**Information provided**.
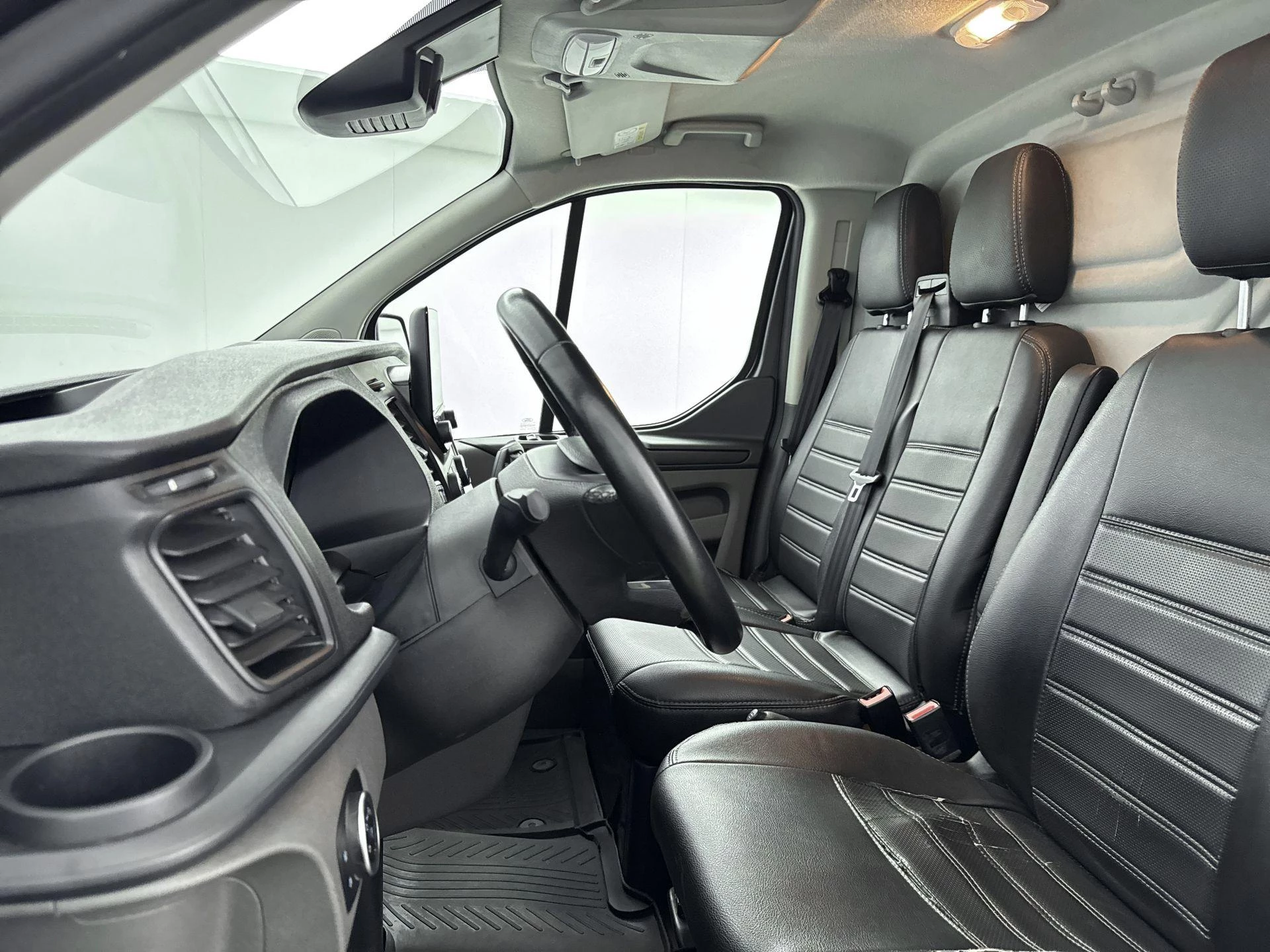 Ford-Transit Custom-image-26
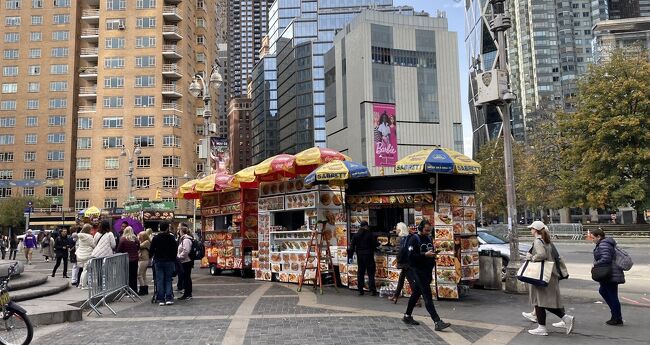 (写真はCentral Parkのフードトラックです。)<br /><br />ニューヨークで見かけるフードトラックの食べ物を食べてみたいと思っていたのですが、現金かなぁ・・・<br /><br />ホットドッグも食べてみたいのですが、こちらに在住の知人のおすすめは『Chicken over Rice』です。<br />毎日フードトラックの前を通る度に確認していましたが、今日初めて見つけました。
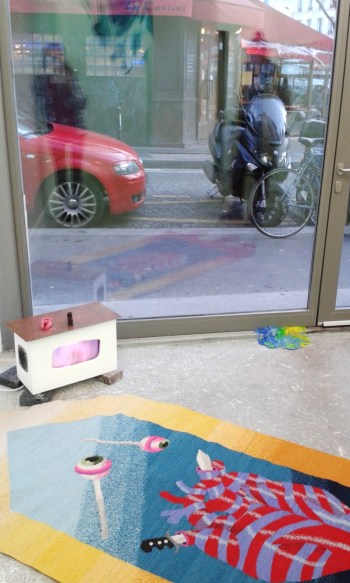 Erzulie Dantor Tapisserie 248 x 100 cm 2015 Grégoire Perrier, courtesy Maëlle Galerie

**Task statement**. Verbatim output, no pictures: the line holding "(写真はCentral Parkのフードトラックです。)<br /><br" and all lines after it through the last line of the material, with nothing else.

**Exercise result**.
 (写真はCentral Parkのフードトラックです。)<br /><br />ニューヨークで見かけるフードトラックの食べ物を食べてみたいと思っていたのですが、現金かなぁ・・・<br /><br />ホットドッグも食べてみたいのですが、こちらに在住の知人のおすすめは『Chicken over Rice』です。<br />毎日フードトラックの前を通る度に確認していましたが、今日初めて見つけました。
 Erzulie Dantor Tapisserie 248 x 100 cm 2015 Grégoire Perrier, courtesy Maëlle Galerie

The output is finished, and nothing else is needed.